Required action: Your answer is the line containing "НаРодная ГимнАсТиКа 50-1" plus every line after it through the end of the records, printed exactly and free of pictures.

[Extracted data entries]
Segment Open
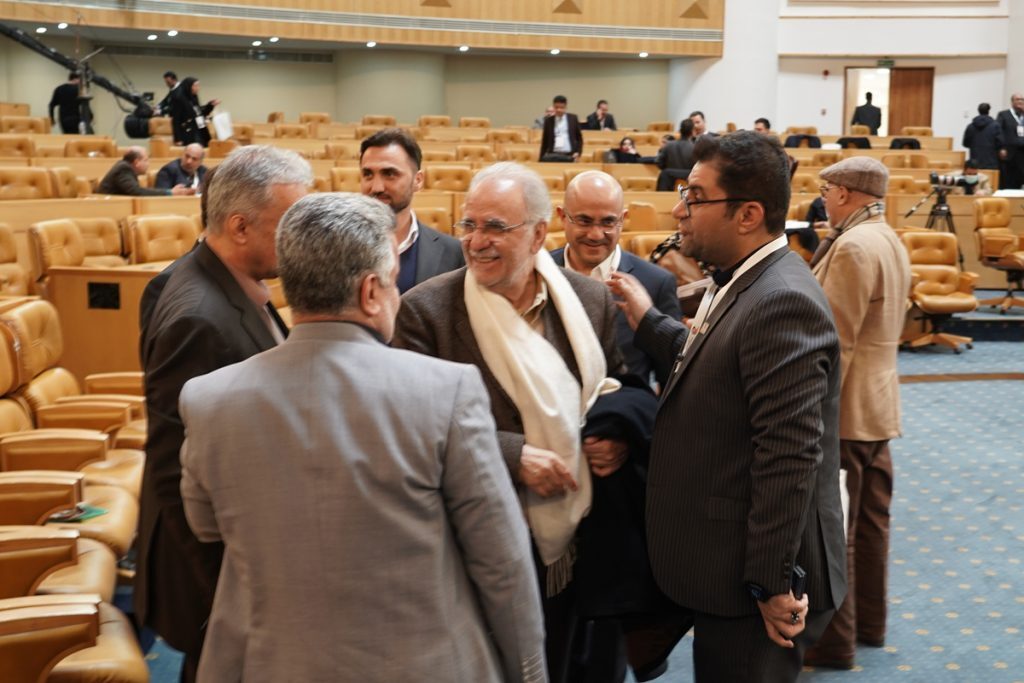 حضور مدیرعامل شرکت فولاد اقلید در ششمین همایش بین&zwnj;المللی سنگ&zwnj; آهن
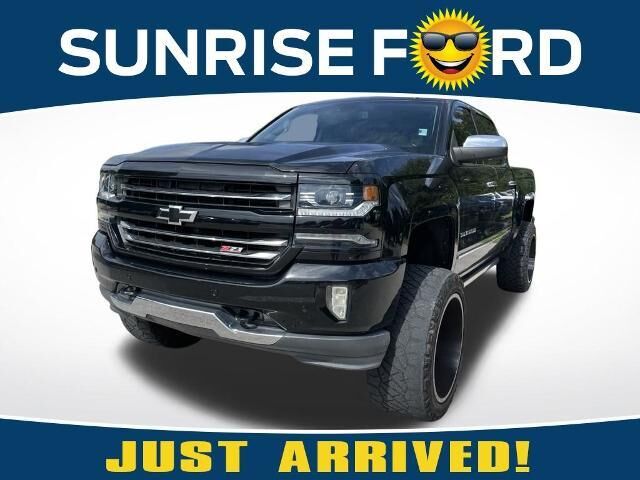 2018 Chevrolet Silverado 1500 LTZ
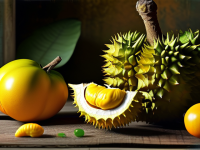 水果小百科识果，榴莲，一眼识别软糯度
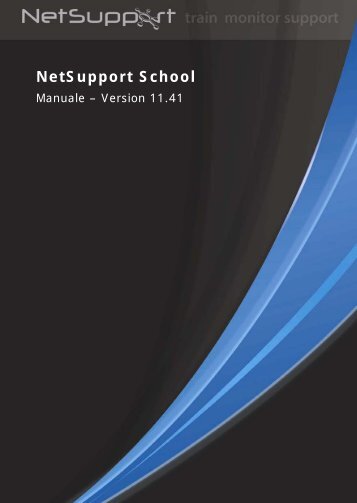 COPYRIGHT del manuale (C) 2003 NetSupport Limited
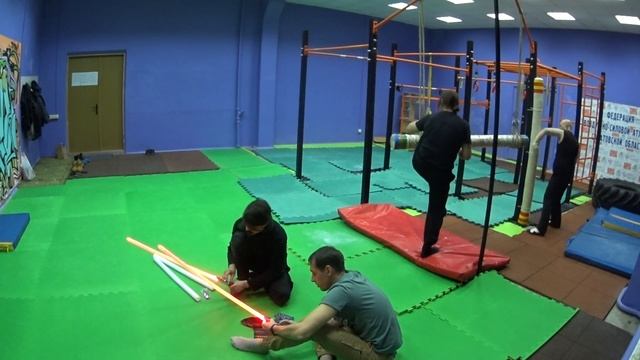 НаРодная ГимнАсТиКа 50-1 в Клубе Воздушно-Силовой Атлетики. СКК "Вместе"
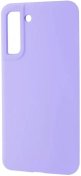 Чохол WAVE for Samsung Galaxy S21 FE - Full Silicone Cover Light Purple (34658_light purple)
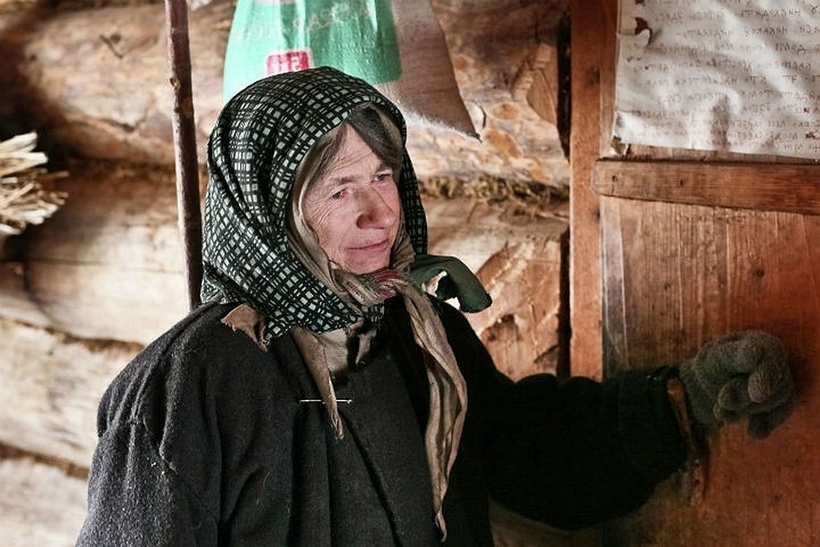 Агафья Лыкова/фото divanews.ru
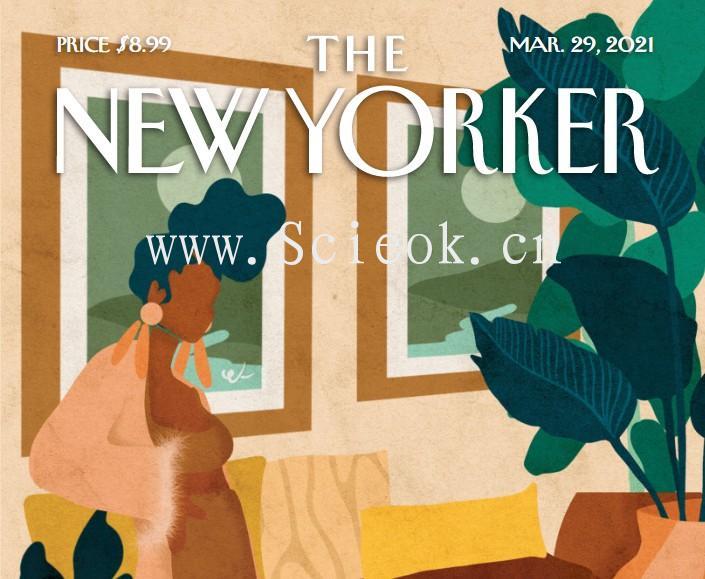 The New Yorker｜2021.03.29《纽约客》电子杂志英文版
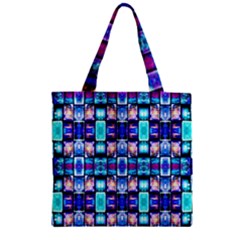 Ml-2-5 Zipper Grocery Tote Bag by ArtworkByPatrick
Segment Closed
Your solution:
 НаРодная ГимнАсТиКа 50-1 в Клубе Воздушно-Силовой Атлетики. СКК "Вместе"
 Чохол WAVE for Samsung Galaxy S21 FE - Full Silicone Cover Light Purple (34658_light purple)
 Агафья Лыкова/фото divanews.ru
 The New Yorker｜2021.03.29《纽约客》电子杂志英文版
 Ml-2-5 Zipper Grocery Tote Bag by ArtworkByPatrick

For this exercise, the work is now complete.